Его давно не мытые волосы свалялись, он поднял голову и посмотрел на меня запавшими глазами.
Нет, я ошибся. Он по-прежнему выглядел величественно. Поверженный, беспомощный в этой клетке, без воды и еды — оставь его здесь, и он станет добычей воронов, — Меандр все еще сохранял царственные манеры. Словно его наполняло то свечение, что испускал камень на груди Беликоза… да и на моей собственной.
Он не выглядел ни злобным, ни запуганным. Кажется, ему было все равно, что я стою рядом с ним.

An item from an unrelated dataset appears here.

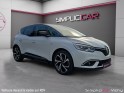 Renault scenic iv tce 140 ch energy intens bose caméra de recul révisée garantie 12 mois occasion simplicicar vichy...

Словно ему не было до меня никакого дела… и мне это совсем не понравилось.
Я подтянулся, собрался с духом и, стараясь говорить надменно, начал:
— Ну и где ваши хвастливые обещания, ваше величество?
Кажется, он всерьез задумался над моим вопросом.
— А что, я когда-то хвастался? — спокойно спросил он.
Это было на него похоже. Он всегда говорил тихо и спокойно. Когда король Меандр говорил, вам казалось, что ветры холодного севера дуют вокруг него, уносят слова прочь, оставляя лишь тихий шепот.
Пришла моя очередь задуматься, и я понял: по правде говоря, он никогда не хвастался. О Меандре многое можно было сказать, но никто бы не назвал его горделивым. Правда, я не собирался это признавать. Поэтому заставил себя улыбнуться и сказал:
— Ты, наверное, считал себя очень умным, а? Сидел на стене, пытался заманить меня в ловушку.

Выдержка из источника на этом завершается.